# Stock 300zx TT vs Stock SR20DET



## little240boy (Jan 13, 2004)

any thoughts? anyone have any stock tims for the sr20det anyways? all I find is 1/4 mile times with heavy mods. I want a fast car as a daily driver, but no 10sec fast! off topic there but bringin some input. But I guess as long as it beats the HONDA CRAP holy grail VTEC then its fast enough


----------



## drift240sxdragqueen (Oct 23, 2002)

think about it stupid.... twin turbo....


----------



## little240boy (Jan 13, 2004)

actually I've heard very similair 1/4 mile times buddy (all between .5 of a second) its hard to say with so many sources. plus i'm not stupid, but thx for no help


----------



## drift240sxdragqueen (Oct 23, 2002)

its all about the driver... if you did some research before being gay then maybe you would kno which one to get.


----------



## OPIUM (Aug 18, 2002)

Stock everything on 240sx s13coupe 15.6 with slipping clutch. So with a good clutch I guesstimate it would run 15.4

Source: Night7


----------



## innes177 (Feb 21, 2004)

sorry but why was that response necesary?


----------



## drift240sxdragqueen (Oct 23, 2002)

to show you how slow the SR is stock... the TT hits around 13's


----------



## Loki (Jan 12, 2004)

so what does a stock S13 with an RB20DET do than? OPIUM this one is for you to answer bro :cheers:


----------



## OPIUM (Aug 18, 2002)

innes177 said:


> sorry but why was that response necesary?

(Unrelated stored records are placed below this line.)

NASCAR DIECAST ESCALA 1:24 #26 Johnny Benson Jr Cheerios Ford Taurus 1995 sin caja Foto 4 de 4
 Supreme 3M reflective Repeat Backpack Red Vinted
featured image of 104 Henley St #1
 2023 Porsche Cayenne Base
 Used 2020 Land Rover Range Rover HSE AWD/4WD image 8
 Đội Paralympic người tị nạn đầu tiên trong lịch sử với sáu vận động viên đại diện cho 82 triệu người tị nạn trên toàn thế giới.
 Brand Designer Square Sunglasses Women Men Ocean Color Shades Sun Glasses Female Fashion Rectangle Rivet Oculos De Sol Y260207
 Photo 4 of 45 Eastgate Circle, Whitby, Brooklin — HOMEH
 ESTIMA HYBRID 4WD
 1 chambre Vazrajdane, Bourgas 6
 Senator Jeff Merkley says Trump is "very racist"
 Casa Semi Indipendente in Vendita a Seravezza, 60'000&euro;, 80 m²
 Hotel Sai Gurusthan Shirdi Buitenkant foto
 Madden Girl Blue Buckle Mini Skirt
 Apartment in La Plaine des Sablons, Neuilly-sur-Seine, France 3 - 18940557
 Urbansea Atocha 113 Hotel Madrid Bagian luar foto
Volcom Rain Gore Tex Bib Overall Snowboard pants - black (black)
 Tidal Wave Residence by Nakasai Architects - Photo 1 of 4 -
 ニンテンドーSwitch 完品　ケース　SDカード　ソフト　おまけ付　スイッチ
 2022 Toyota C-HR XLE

And Loki.. I have no idea yet. I'm anticipating low 14's with it just by the feel of things. I usually have a good idea as to what things will do in the 1/4. My ass dyno doesn't usually screw up that often


----------



## Loki (Jan 12, 2004)

Thanks Opium, im planing to get the RB20 also, from Venus, its on sale for about $1200 front clip, and im about 2 hours away, so what do you think?


----------



## OPIUM (Aug 18, 2002)

Umm... I dunno about Venus. They're prices are right, but don't expect it to be up and running as soon as you put it in. They're clips usually have stuff wrong with them. But they have good support meaning if something is broke or missing that is crucial they'll send it out to you


----------



## Loki (Jan 12, 2004)

OPIUM said:


> Umm... I dunno about Venus. They're prices are right, but don't expect it to be up and running as soon as you put it in. They're clips usually have stuff wrong with them. But they have good support meaning if something is broke or missing that is crucial they'll send it out to you


well im not going alone, i really dont know shit about engines, im going with a friend and his uncle (mechanic) he will swap the engine for me for 450 $ even with warranty LOL, either way hopefully the clips are in good working conditions, :fluffy:


----------



## OPIUM (Aug 18, 2002)

yeah sounds like a good deal then... have at it Hoss...


----------